Just a few short months ago, on November 1, 2022, Orleans Parish District Attorney Jason Williams went before the New Orleans City Council and requested his office budget be increased by at least $4.4 million in 2023 – the Crescent City’s highest budget ever for their local prosecutor’s office.
Williams defended this record amount with a promise that if the taxpayers invested in his office, New Orleans would no longer be the murder capital of the country. Yet, the New Orleans Advocate recently highlighted how federal gun prosecutions have surged<> in response to New Orleans crime. So what exactly are residents receiving from the DA for their generosity?
The failed leadership of Orleans Parish will likely argue that violent crime is at an all-time high everywhere and that the federal government stepping in to take over cases is not unusual; but those political soundbites do not align with reality. In fact, federal prosecution of gun crimes has decreased by 11% across the country while those in Greater New Orleans has required an 85% increase. To better understand the void that the U.S. Attorney’s Office for the Eastern District of Louisiana is working diligently to fill, a few recent cases might highlight why the Big Easy is being singled out – nationally – for federal intervention.
Consider this: before 73-year-old Linda Frickey bled out in the street after her brutal carjacking, DA Williams dropped previous carjacking charges against one of the teens accused of her senseless murder. He also refused armed robbery charges against the alleged carjacker who attacked a woman outside of Costco – fracturing her skull, face, and neck. He refused multiple domestic abuse charges against Czar Nicholas, who was later arrested for shooting and killing a woman on Canal Street.
One of the alleged murderers of 12-year-old Derrick Cash was previously arrested on numerous gun charges but released after the DA failed to file formal charges within the legal time frame allowed. Camron Bryant was indicted on a litany of charges related to an armed robbery crime spree after the DA let him walk on charges of Attempted First Degree Murder. What’s more: over 880 people were arrested and let back on the streets after the DA failed to make screening decisions on some 1500 charges. Of that number, 50 were considered violent criminals and 250 were considered domestic abusers. Even more crime victims were created by ineptitude in Orleans Parish.
But the problems are not isolated to just the City.

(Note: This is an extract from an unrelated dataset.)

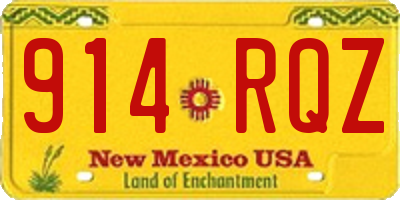 NM license plate 914RQZ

What happens in Orleans affects all parishes, with gun crime climbing up and across the boot like a rabid dog. We are a State of 4.5 million people; yet three of the top ten most dangerous cities in our country are right here. We are #1 for murder; #2 for property crime; and until we get some legislation with real teeth that can specifically address this problem, we will continue to hemorrhage as a State.
Thankfully, U.S. Attorney Duane Evans has stepped in for the sake of our citizens left at the mercy of incompetent elected officials in Orleans for far too long. I have offered my assistance in the U.S. Attorney’s valiant efforts.
We were successful in similar endeavors in Northeast Louisiana. In 2018, when gun crimes were soaring in Monroe, we collaborated with the U.S. Attorney’s Office for the Western District of Louisiana to increase arrests and prosecution. As a result, there was a 44% decrease in violent crime within two years. We hope to do the same for New Orleans.
I recognize this federal intervention is a band-aid, not a long-term solution – especially when the crime catastrophe in Orleans, by the numbers, is worse today than after Katrina. But that is why we must work together to solve this issue, from our communities all the way to the capitol. I am ready and willing to solve this problem; but like any emergency situation, we must first stop the bleeding.